Captioned web images ::

.....

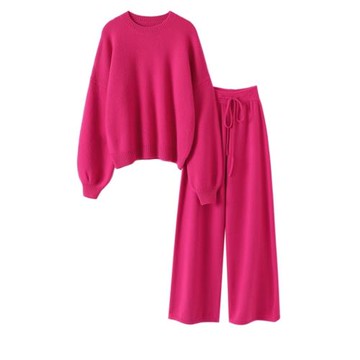 玫紅色羊絨套裝女2023新款時尚氣質寬松顯瘦針織毛衣闊腿褲兩件套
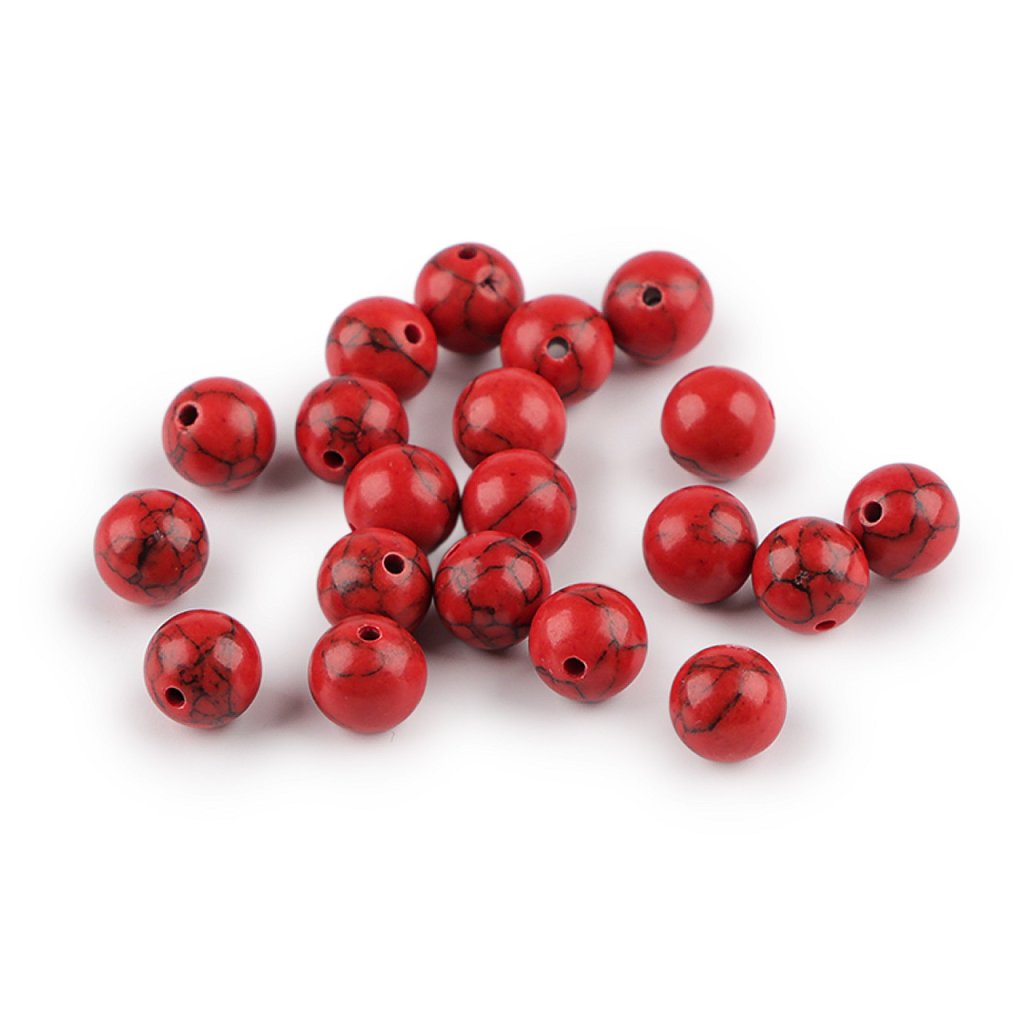 Tyrkys červený syntetický, minerální korálky Ø8 mm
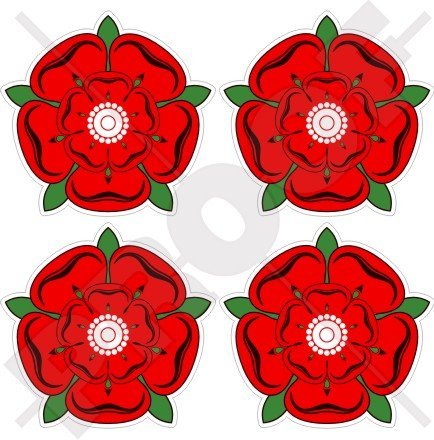 Aufkleber Rote Rose von Lancaster Blume, Lancashire England, Vereinigtes Königreich, 50 mm, Sticker für Stoßstange oder Helm aus Vinyl, 4 Stück von StickersWorld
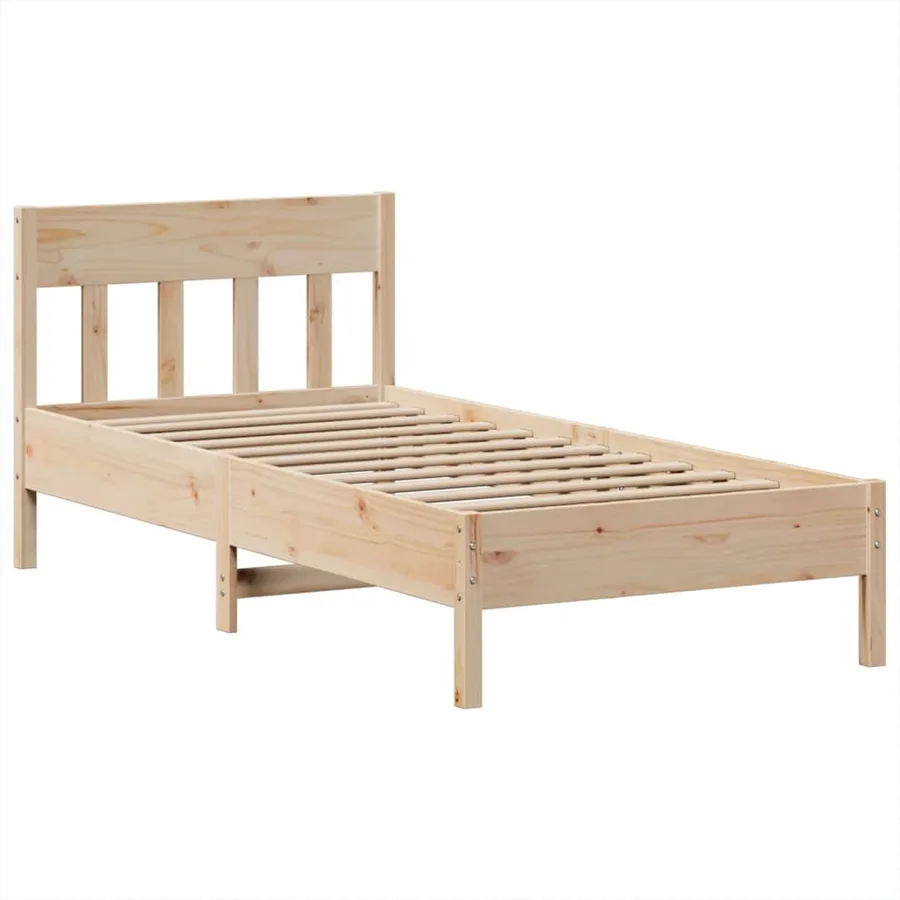 Cadre de lit sans matelas 75x190 cm bois de pin massif - 5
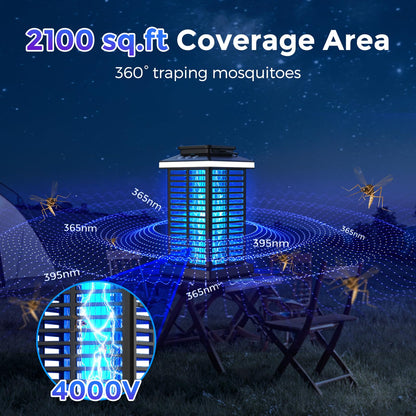 Bug Zapper Outdoor, Mosquito Zapper 3 in 1 Rechargeable Bug Zapper Outdoor with 5000mAh Battery & LED Night Light, 4000V Electric Fly Zapper for Outside,Patio,Backyard,Garden Black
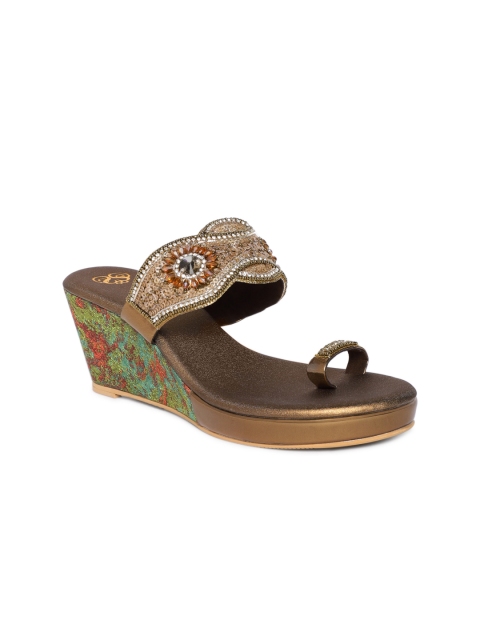 

Sole To Soul Women Gold-Toned Embellished Heels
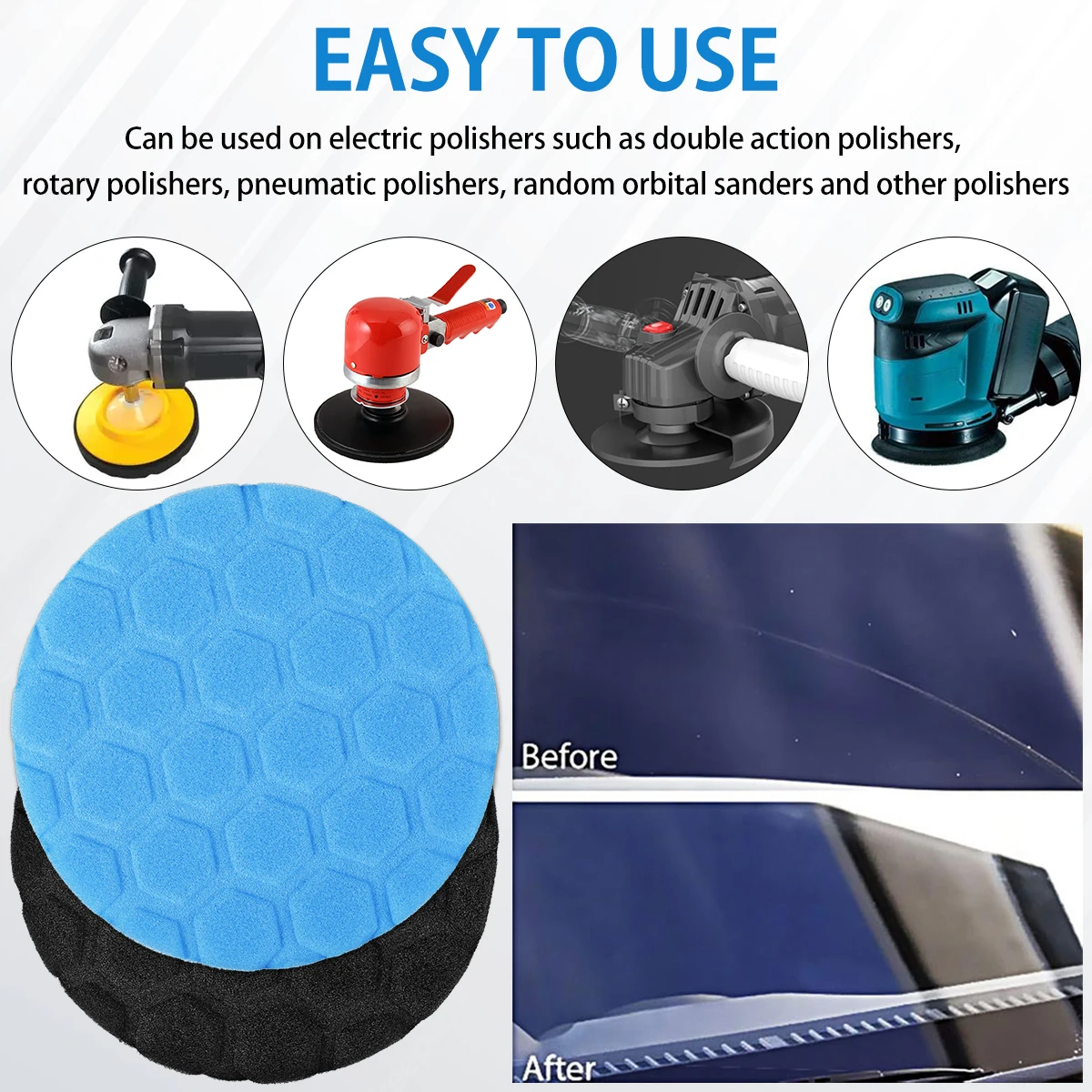 5Pcs Polishing Pad Kit 3/4/5/6/7 Inch Car Foam Buffing Pads Automobile Sponge Durable Buffer Mat Dremel for Car Glass Polisher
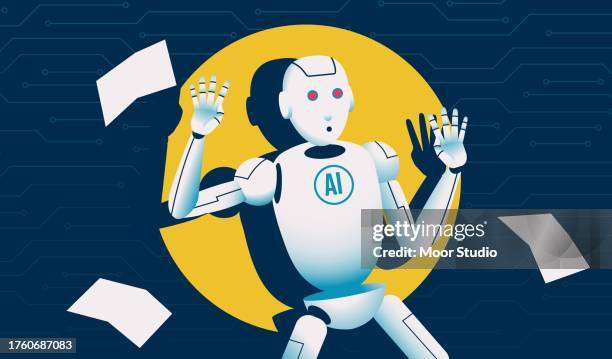 bildbanksillustrationer, clip art samt tecknat material och ikoner med robot caught in a flashlight vector illustration - robot
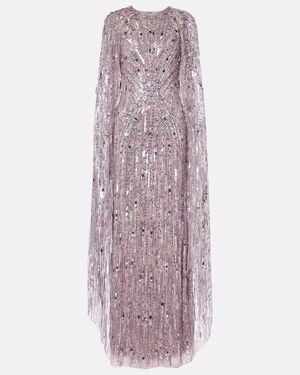 Jenny Packham Vestido De Fiesta Elio Adornado Con Capa - Morado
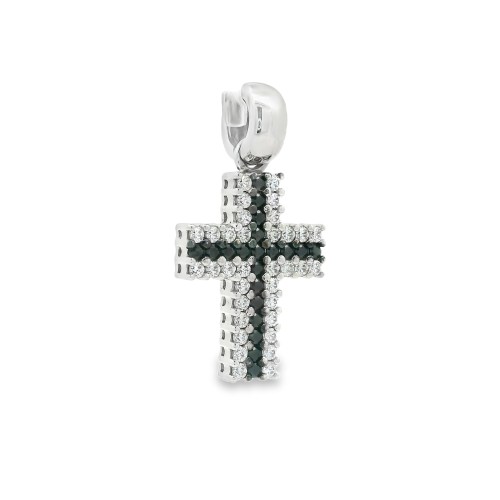 Pendente Croce misure 20 x 15 mm Oro Bianco 18 kt con zirconi 2,63 gr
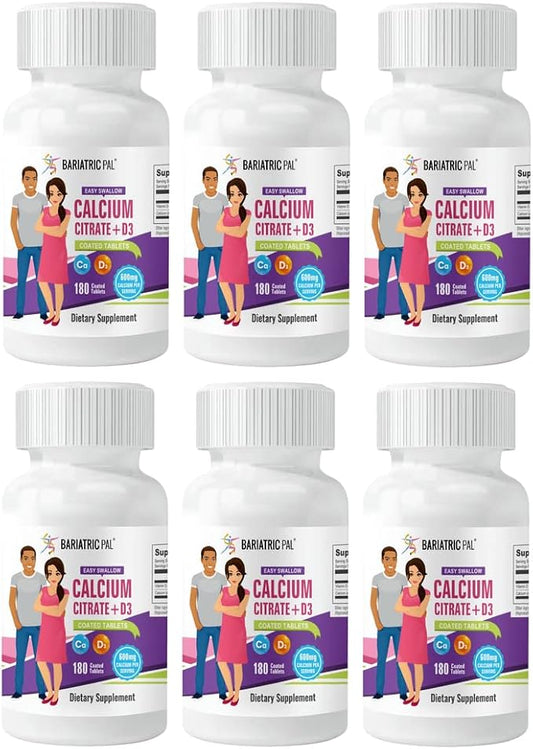 BariatricPal Easy Swallow Calcium Citrate (600mg) and D3 Coated Tablets (180-Day Supply)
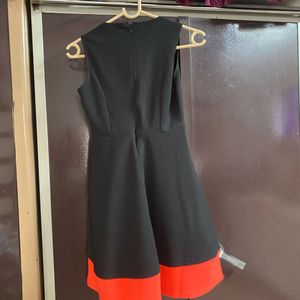 Black And Red Strip Flared Dress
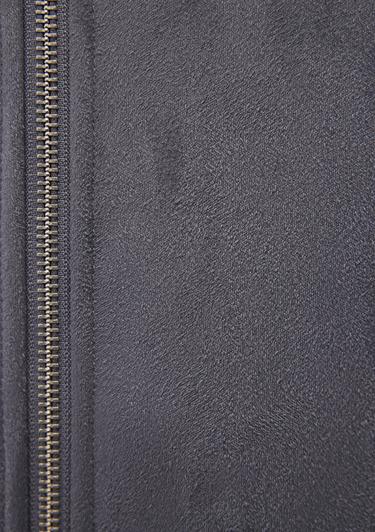  Mavi Suni Kürk Detaylı Gri Suni Süet Ceket Regular Fit / Normal Kesim 0110450-80776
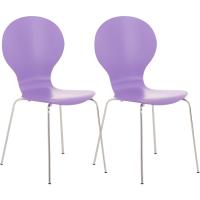 Conferencia con Asiento De Madera I 2 Sillas De Cocina con Base De Metal I Color:, Color:Violeta - details 0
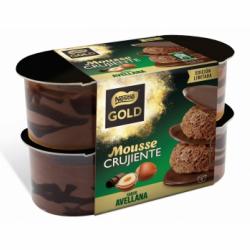 Mousse de avellana crujiente Nestlé Gold sin gluten pack de 4 unidades de 57 g.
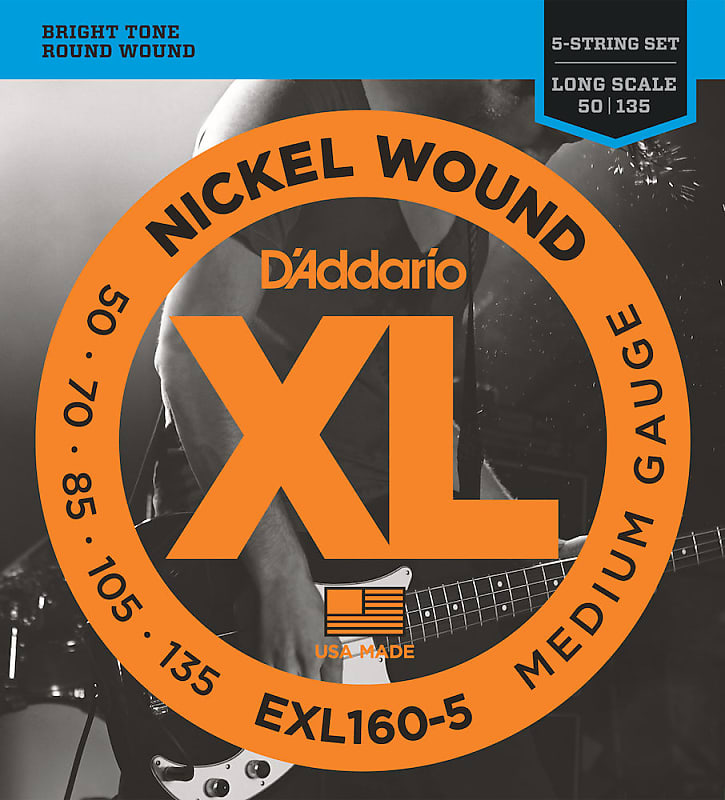 D'Addario EXL160-5 5-String Nickel Wound Bass Strings Medium, 50-135, Long Scale image 1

.....

Description of the task :: Would you output the lines above from the line holding "Sole To Soul" up to and including the line holding "Pendente Croce misure", exactly and only those, with no pictures?

Output for this task ::
Sole To Soul Women Gold-Toned Embellished Heels
 5Pcs Polishing Pad Kit 3/4/5/6/7 Inch Car Foam Buffing Pads Automobile Sponge Durable Buffer Mat Dremel for Car Glass Polisher
 bildbanksillustrationer, clip art samt tecknat material och ikoner med robot caught in a flashlight vector illustration - robot
 Jenny Packham Vestido De Fiesta Elio Adornado Con Capa - Morado
 Pendente Croce misure 20 x 15 mm Oro Bianco 18 kt con zirconi 2,63 gr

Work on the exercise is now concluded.